The work of the missionaries among the Jacobite Syrians was mainly on the education field. Fenn took charge of the college for training the younger clergy; Bailey devoted himself chiefly to literary and translation work and the press, while Baker took charge of the parish schools up and down the land. Though the relationship between the missionaries and the Jacobite Syrians went on well without many problems in the beginning, it did not last long. The change of leadership in the Jacobite Syrian Community as well as the change of missionaries caused much problem in the relationship. During the second half of the Mission of Help, the pioneer missionaries went on furlough. While they were away new men came on the scene, Joseph Peet (1833-1865) and W J Wood Cock (1834-1837). The young missionaries were rather impatient about the slow progress being made and were sometimes rash in their actions. The visits of the Rev J Tucker, Secretary of the C M S Corresponding Committee at Madras, and Bishop Wilson, the Anglican Bishop of Calcutta did not heal the wound, these two being uncompromising evangelists. This was followed by a Synod of the Syrian Christians at Mavelikkara on 16th January 1836, in which the Jacobite Syrian Community under Mar Dionysios IV, the then Malankara Metropolitan decided to break all their relationships with the Church of England. With this we see an early death of the twenty-year-old C M S Mission of Help to the Syrian Church of Travancore.
Was the Mission of Help a failure? An eminent Hindu, Diwan Bahadur Nagamiah says in the Travancore State Manual that, “Although the Syrians headed by their Bishop had thus forrnally parted company with the Church Missionary Society, the teaching of the missionaries for more than twenty years had not been without result, and there was among the Syrians a party who was influenced by that teaching.”

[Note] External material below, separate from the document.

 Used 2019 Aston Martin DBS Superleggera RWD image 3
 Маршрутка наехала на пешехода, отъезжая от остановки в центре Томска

Missionaries Turn to The Masses
The dissolution of the contract between the C M S and the Syrian Metropolitan after 20 years of beneficial work was no doubt says, C M Agur “a great disappointment” With the snapping of ties, the missionaries directed their attention to the despised and the downtrodden Ezhavas, Malayarayans (Hill Arrians), and the outcastes of Central Travancore.

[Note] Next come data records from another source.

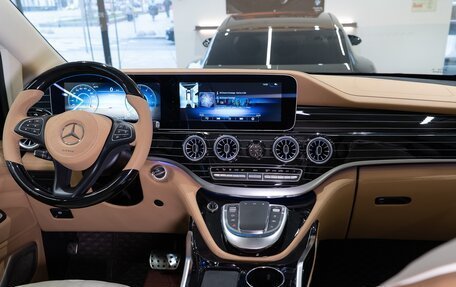 Mercedes-Benz Vito, 2022 год, 8 920 000 рублей, 10 фотография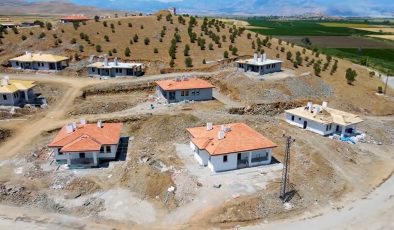 Mehmet Özhaseki çalışmaları paylaştı: Köy evlerimizin yapımına hızla devam ediyoruz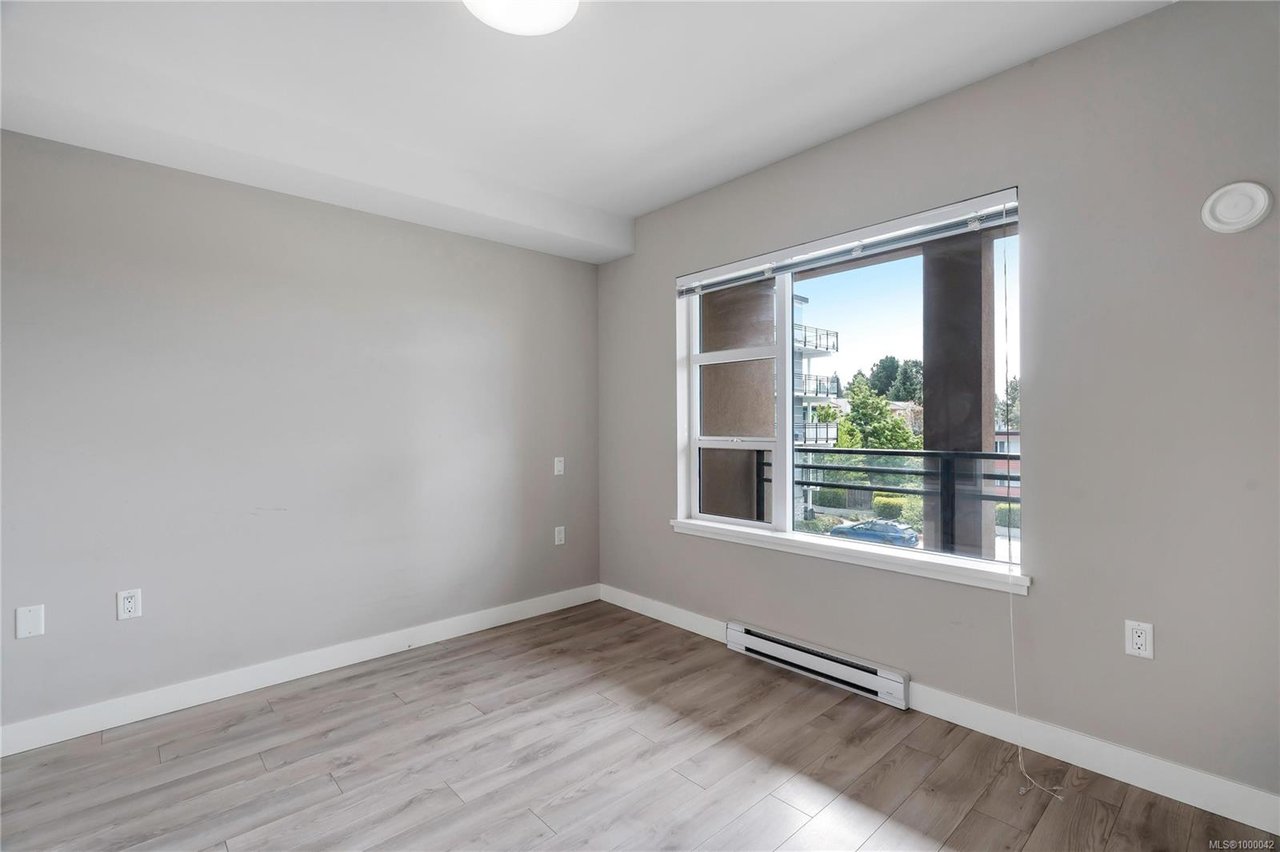 302-1016 Inverness Rd
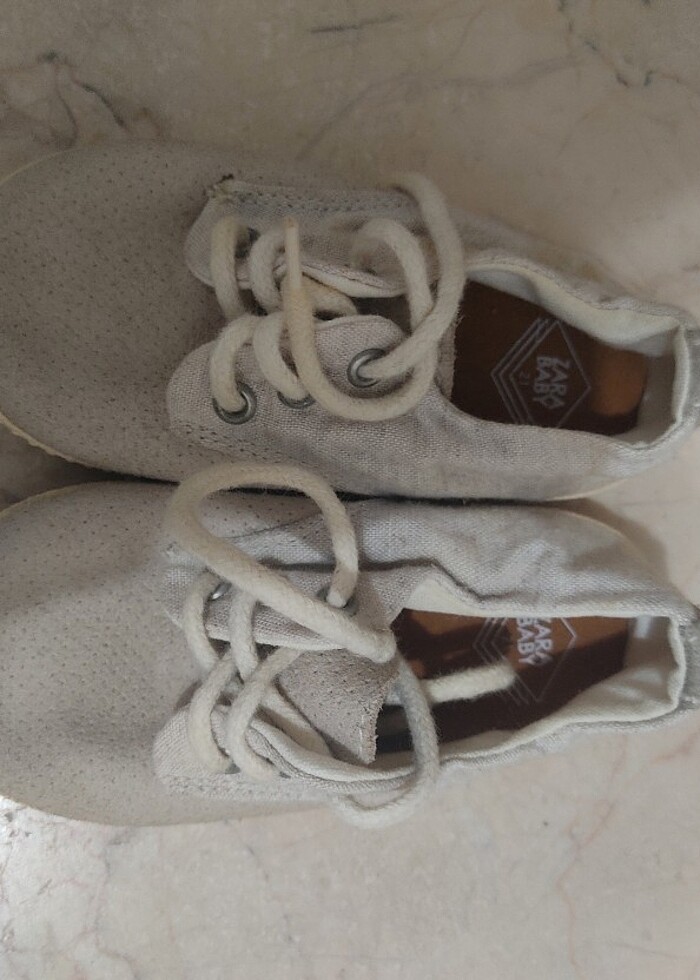 21-22 numara ayakkabılar. Hepsi 200 TL - Görsel 5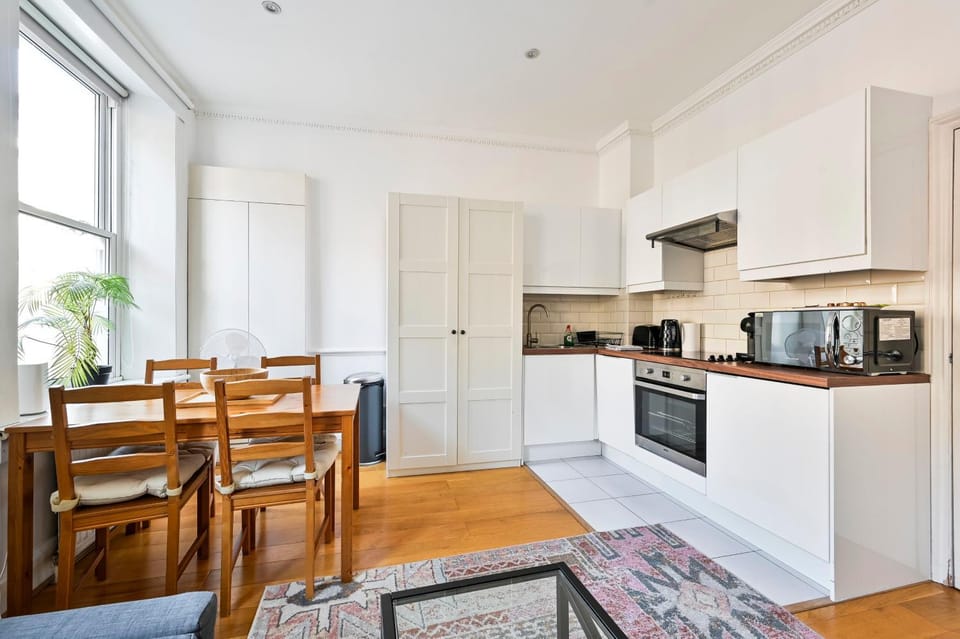 Dining area, oven, kitchen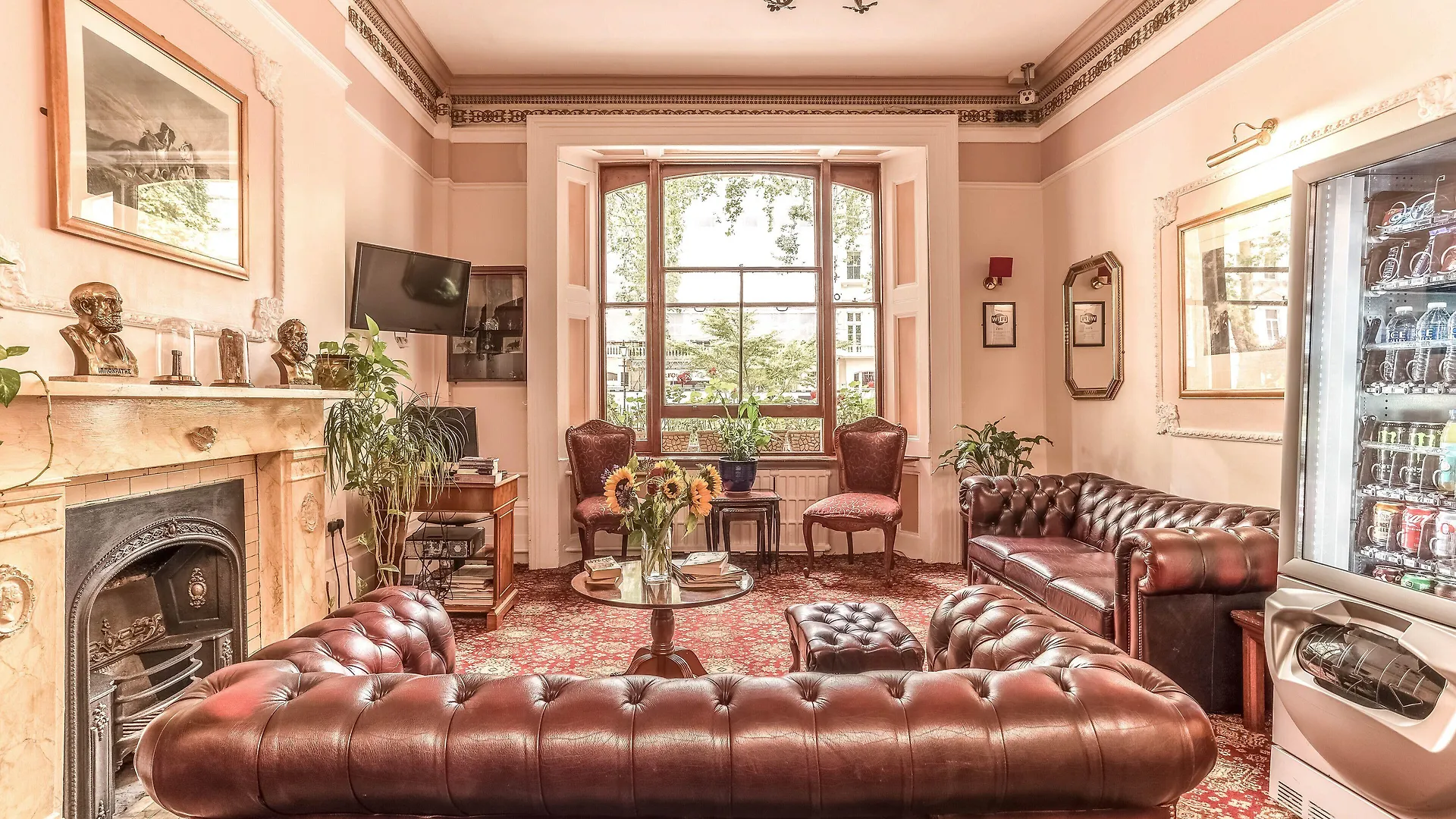 6 Affordable Hotels Near Hyde Park Worth Booking in London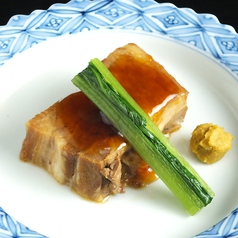 豚の角煮  （江戸川小松菜添え）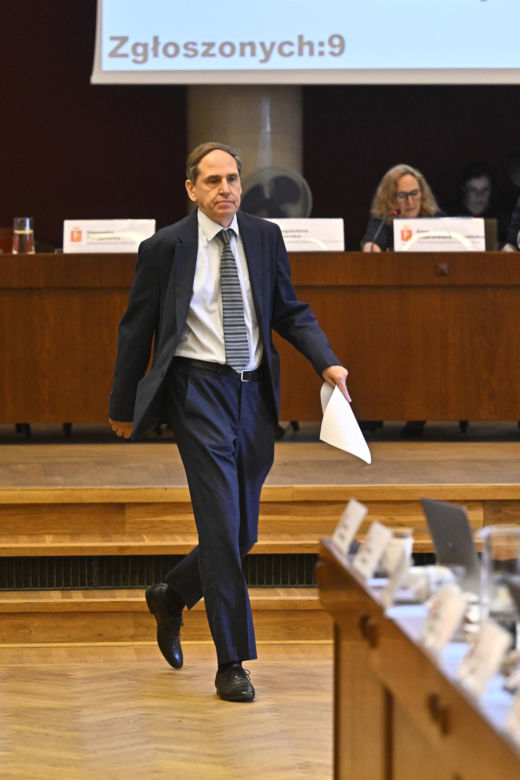 Trzaskowski z wotum zaufania za rządy w 2023 r.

Due to the impact of the work of the C M S among the Syrian Christians, soon after the separation with them, several Syrian Christians who were attracted towards the reformation joined the Anglican Church. In certain cases, the whole Syrian parishes joined with the missionaries. Therefore, the missionaries began to serve them as parish priests too.
In 1840, Bishop Spencer of Madras, who succeeded Bishop Daniel Corrie after his death in 1837, made his first episcopal visit to Malabar soon after the Archbishop of Canterbury had put the congregations of Travancore under the Episcopal oversight of the Bishop of Madras. Thus the Anglican Church was fully established in Travancore in 1840. By 1840’s missionaries started systematic evangelism among the non-Christians, especially those of the lower classes. In 1848 Baker reported that he baptized thirty five individuals. He again speaks: “They have been Chogans. Two I had rescued from slavery very accidentally.” In 1850, Rev J Hawksworth wrote, “The visible success of this mission during the past half-year has been almost exclusively among the ‘heathen’”.